1−1.低地域の開閉部材付送水パイプ30の開閉部材31は開いたままで良い。吐出口33を噴出してくる水は当初は空気と混じって白い水が吐出されてくるが、送水パイプ10内が満水状態になると透明な水に変化するのが確認できるため、これを確認したら「注水口合流部材60」に備えた注水口開閉装置70を閉じて貯水タンク40からの水の放出を停止する。
1−2.貯水タンク40からの放出が止まると、下流側となる低地域の開いた状態の開閉部材付送水パイプ30の吐出口33からは引き続き水が放出されるため、送水パイプ10内の満水状態の水が下流側へ流れる作用が働く。
1−3.この下流側へ流れる作用により、高水域の逆止弁付送水パイプ20に備えられた逆止弁21は送水パイプ10内で下流側へ引かれると同時に、高水域にある貯留部の水が逆止弁21を押して送水パイプ10内に流入する現象が発生しサイホン作用が稼働し始めることとなる。
1−4 サイホン作用を一時停止しようとする場合は、あらかじめ送水パイプ10のどこか1カ所以上に開閉装置を設けておき、これを閉じることで送水パイプ10内を満水状態としたまま水の移動を一時停止することができる。
1−5 サイホン作用を終了しようとする場合は、注水口合流部材60の注水口開閉装置70を開放した状態で貯水タンク40内の水を全て送水パイプ10内へ放流した後に続き空気を送水パイプ10内へ流入させることでサイホン作用は終了する。

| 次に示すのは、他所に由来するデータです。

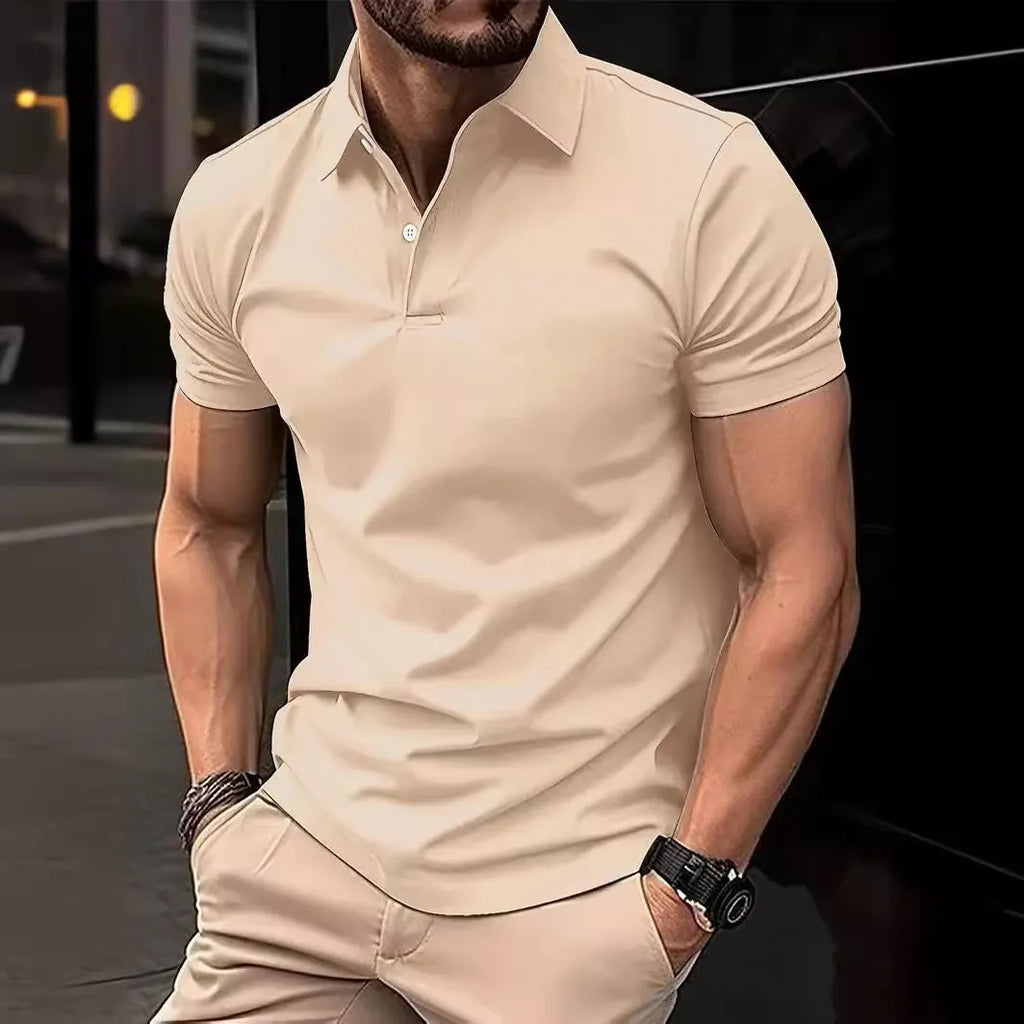 Men's slim fit button-up short sleeve shirt in a solid colour on a hanger.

この方法において、貯水タンク40に水を溜める段階で、低地域の開閉部材付送水パイプ30の開閉部材31は閉じた状態とし、注水口合流部材60に備えた注水口開閉装置70を開いた状態にして貯水タンク40に注水をすると、タンク内に流入した水は送水パイプ10の中を流れてその流下量に合った形で送水パイプ10内に水が入ることになる。この流下能力である程度送水パイプ10内を満たしておいて、今度は注水口合流部材60に備えた注水口開閉装置70を閉じた状態にして、再度、貯水タンク40に貯水を行い。前述の作業を行うことで一層容易に送水パイプ10内を満水にする事ができ、サイホンの作用を起こす事ができる。

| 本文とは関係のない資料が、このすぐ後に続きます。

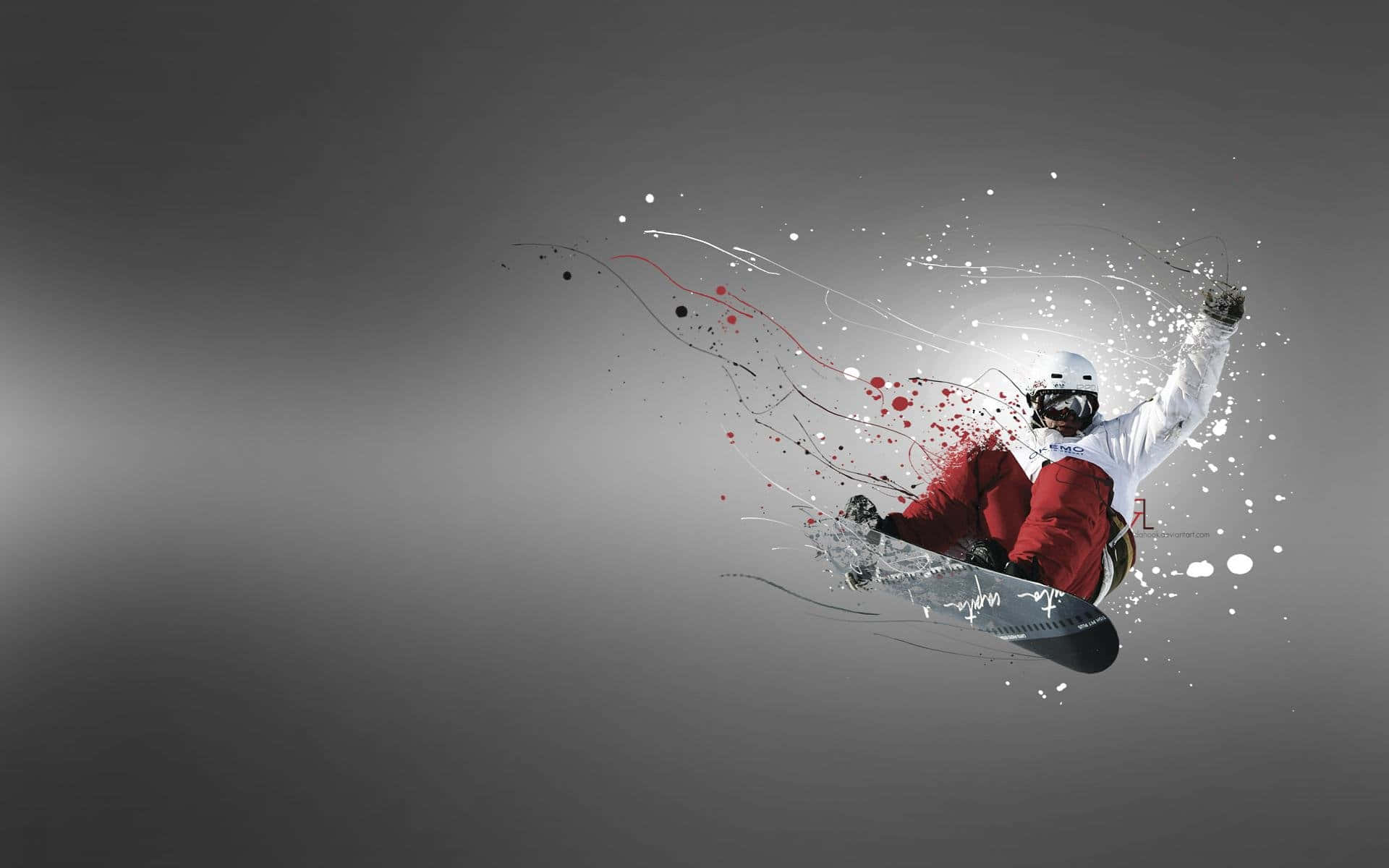 red pants, white jacket, gray background, Full HD Desktop Wallpaper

この際に、貯水タンク40内に圧縮空気又は炭酸等の気泡が発生する気泡発生剤を投入することにより、貯水タンク40内の圧力を増加させることによって、送水パイプ10に水圧のかかった水を送水したり、貯水タンクに荷重をかけることによって、送水パイプ10に水圧のかかった水を送水したりすることによって、迅速に貯水タンク40の水を送水パイプ10に移動させることができる。
(2の方法)「注水口合流部材60」の通水断面が送水パイプ10の通水断面より小さい場合。
2−1「注水口合流部材60」の注水口開閉装置70を開くことによって貯水タンク40の水を送水パイプ10内に送水し、
2−2 送水パイプ10内の通水断面より小さな流量で送水パイプ10内を満水にする場合は、下流側の開閉部材により閉鎖された吐出口より順次上流側へ送水パイプ10内を満たしながら送水パイプ10全体を満水状態にした後に、低地域の開閉部材を開く。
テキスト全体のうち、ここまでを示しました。